Multi-graph Fusion and Virtual Node Enhanced Graph Neural Networks

Graph Neural Networks (GNNs) have emerged as a dominant tool for effectively learning from graph data, leveraging their remarkable learning capabilities. However, many GNN-based techniques assume complete and accurate graph relations. Unfortunately, this assumption often diverges from reality, as real-world scenarios frequently exhibit missing and erroneous edges within graphs. Consequently, GNNs that rely solely on the original graph structure inevitably lead to suboptimal results.
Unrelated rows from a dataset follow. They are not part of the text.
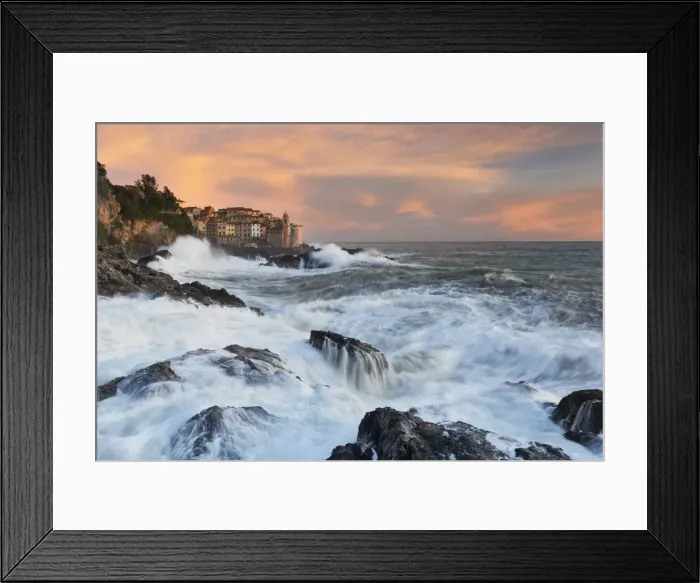 Framed Print : Tellaro, during a seastorm, Tellaro, municipality of Lerici, La Spezia province, Liguria, Italy Framed Print : Tellaro, during a seastorm, Tellaro, municipality of Lerici, La Spezia province, Liguria, Italy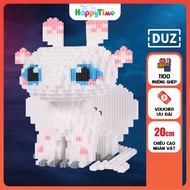 3D nano model assembly puzzle toy - Bach Long Light Fury - DUZ (1100 pieces) Height 20cm - Code 8865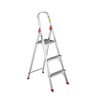 DAVIDSON Aluminum Euro Platform Ladder - #566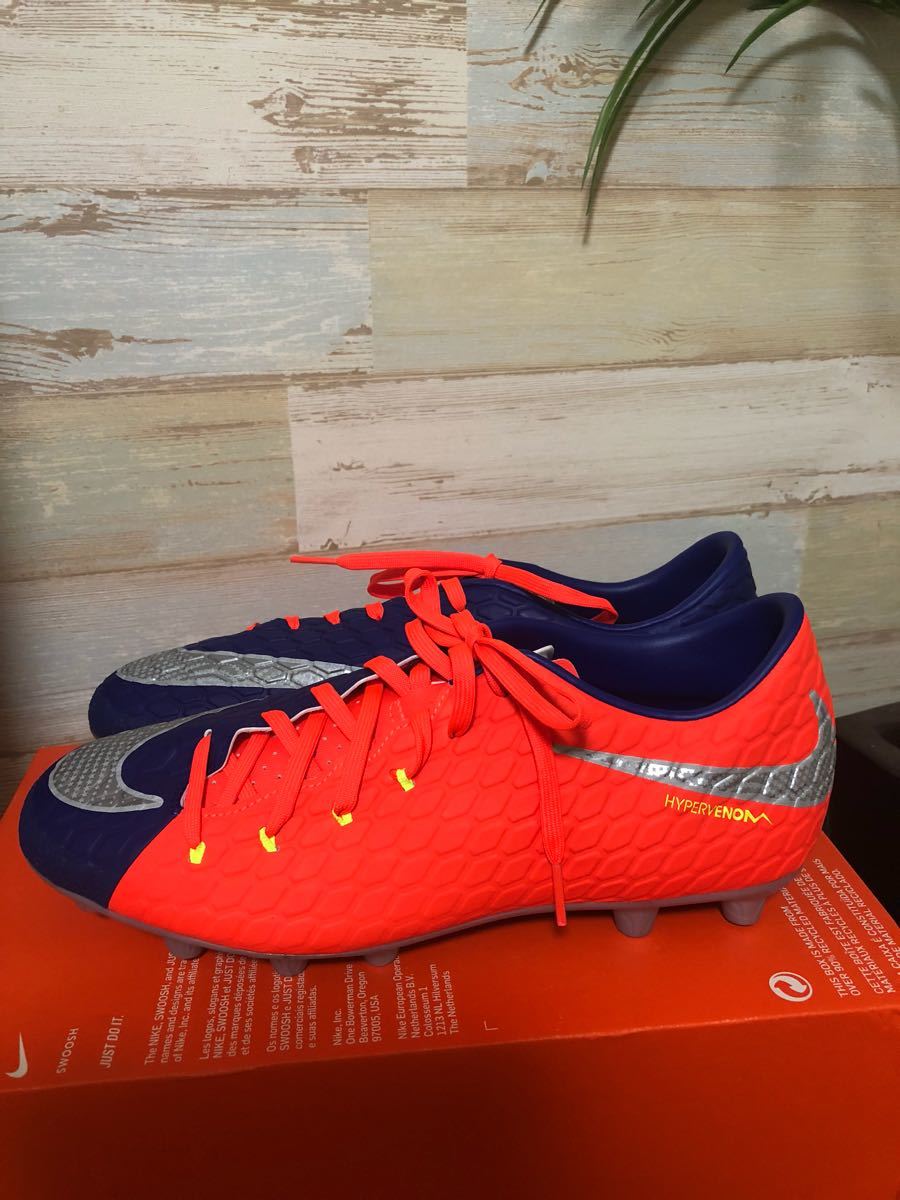 Futsal Boot Nike HypervenomX Proximo II DF IC Laser orange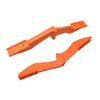 ZSHJGJR 57 Inch Archery Takedown Recurve Bow and Arrow Set 30 35 40lbs Adult Beginner Recurve Bow Kit Double Arrow Rest Left Right Hand Hunting Longbow for Shooting Target Practice (Orange, 35lbs) view 3
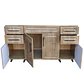 Mueble Lavaplatos Doble W Domsa PVC150W - Miniatura 1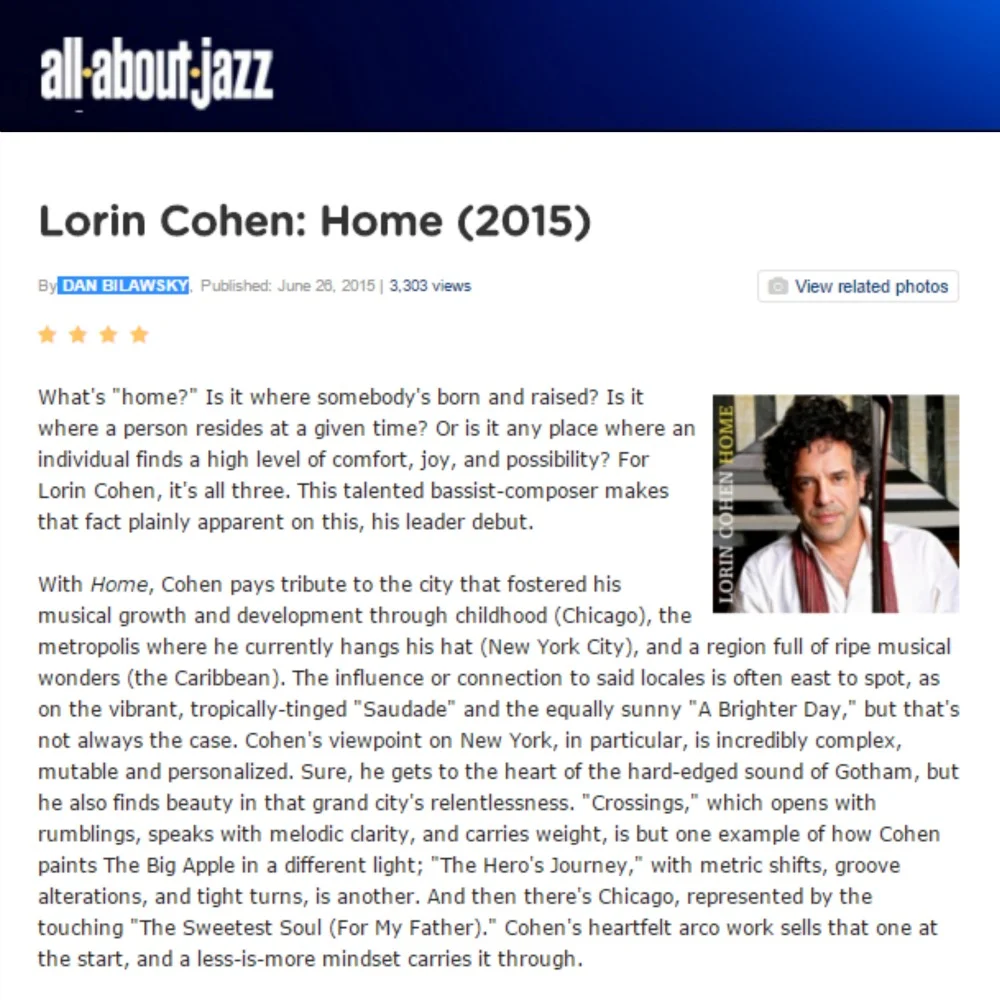 All About Jazz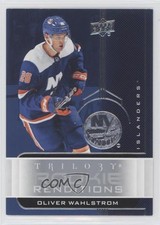 2019-20 Upper Deck Trilogy Rookie Renditions Oliver Wahlstrom #RR-49 7l6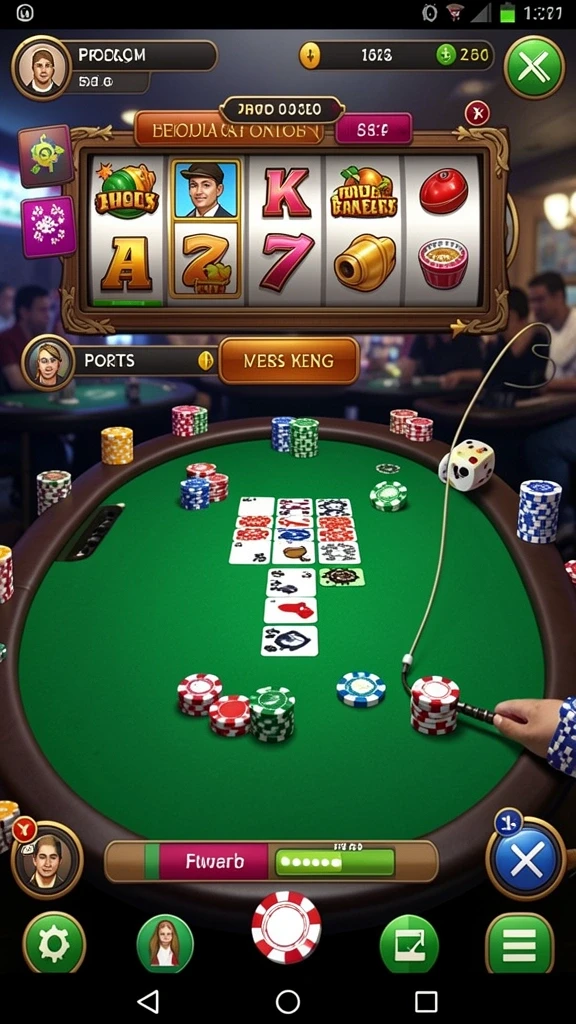 Fitur mode multiplayer yang memungkinkan berkompetisi dengan teman.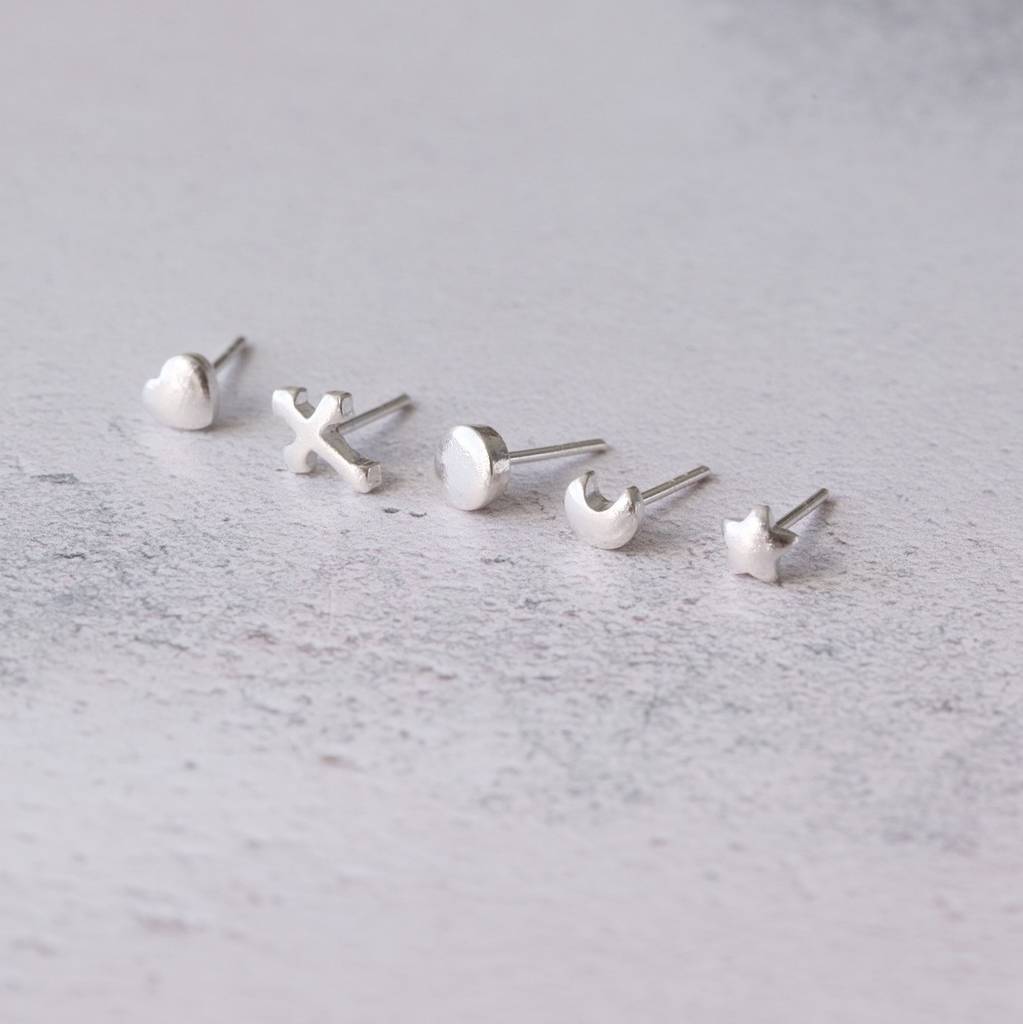 Handmade Single Mix Match Earrings Stud By attic | notonthehighstreet.com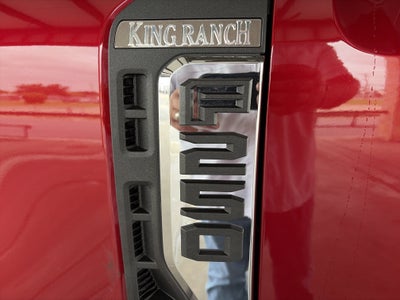 2026 Ford Super Duty F-250 SRW King Ranch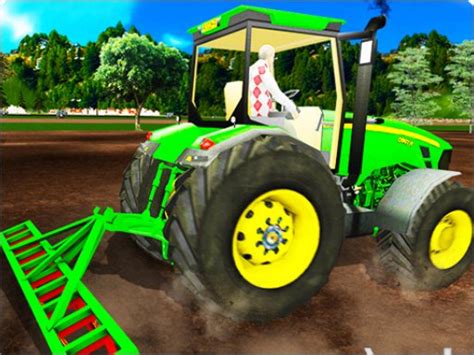 Tractor Farming Simulation - Play Free Game Online on uBestGames.com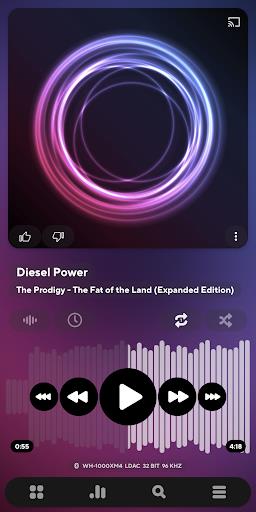 Poweramp 螢幕截圖 0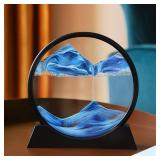3D Hourglass Quicksand Moving Sand Art Picture...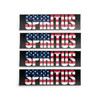 USA Spiritus Bumper Sticker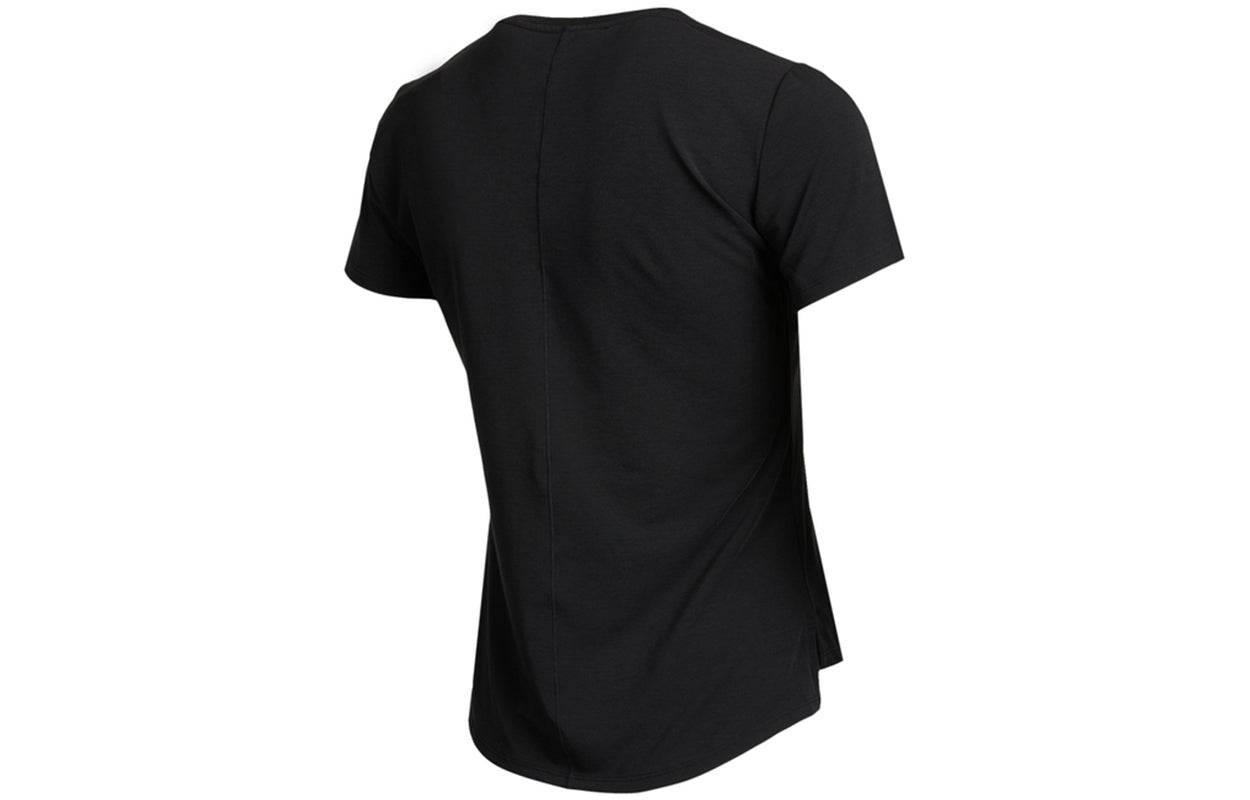 (WMNS) Nike Dri-FIT Training Sports Quick Dry Round Neck Short Sleeve Black DD0619-010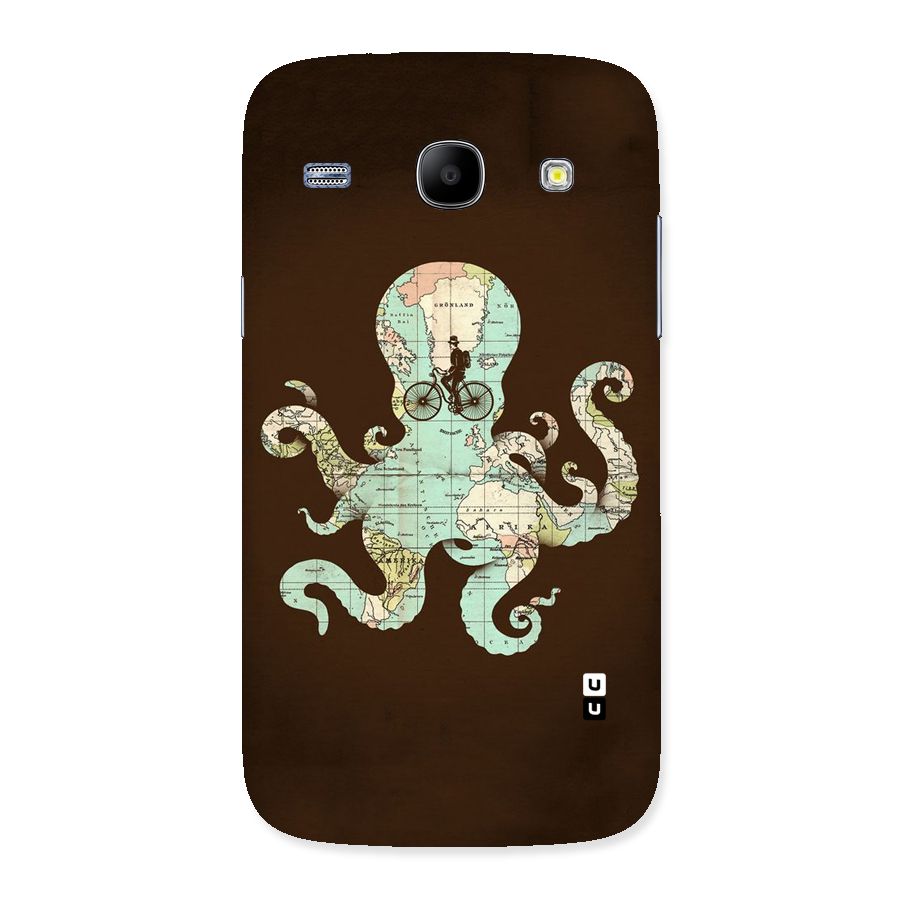 Travel Octopus Back Case for Galaxy Core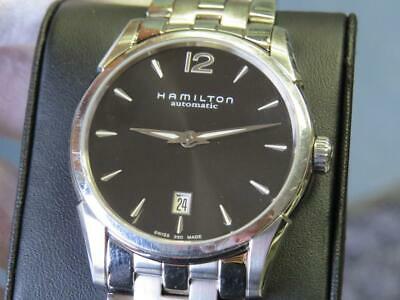 Hamilton Jazzmaster Slim Men s Automatic H385150 Stainless Band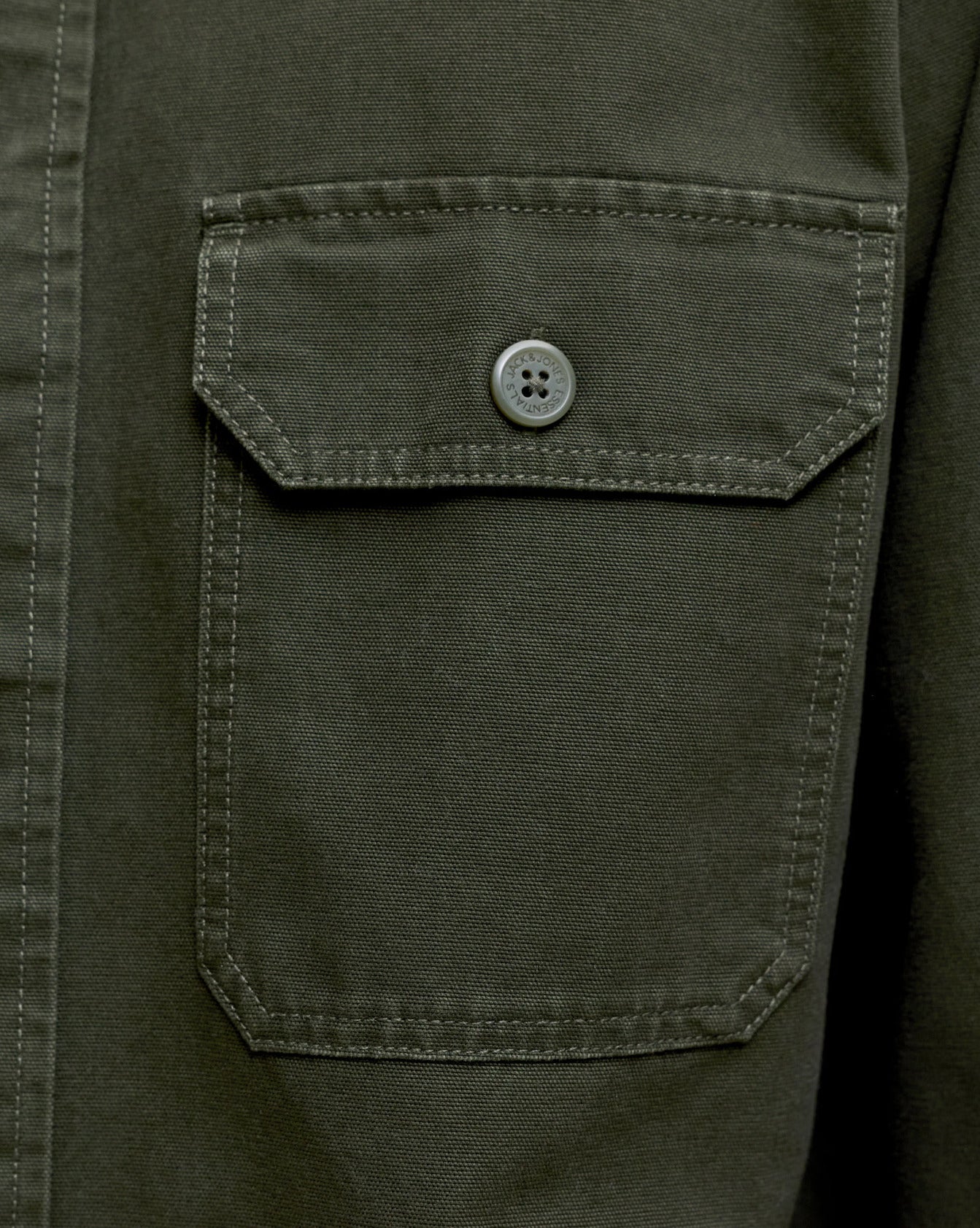 The Colton Canvas Overshirt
To address this challenge, we propose a novel approach known as Multi-graph fusion and Virtual node enhanced Graph Neural Networks (MVGNN). Initially, we introduce an adaptive graph that complements the original and feature graphs. This adaptive graph serves to bridge gaps in the original and feature graphs, capturing missing edges and refining the graph's structure. Subsequently, we merge the original, feature, and adaptive graphs by applying attention mechanisms. In addition, MVGNN strategically designs virtual nodes, which act as auxiliary elements, changing the propagation mode between low-weighted edges and further enhancing the robustness of the model. The proposed MVGNN is evaluated on six benchmark datasets, demonstrating its superiority over existing state-of-the-art classification methodologies.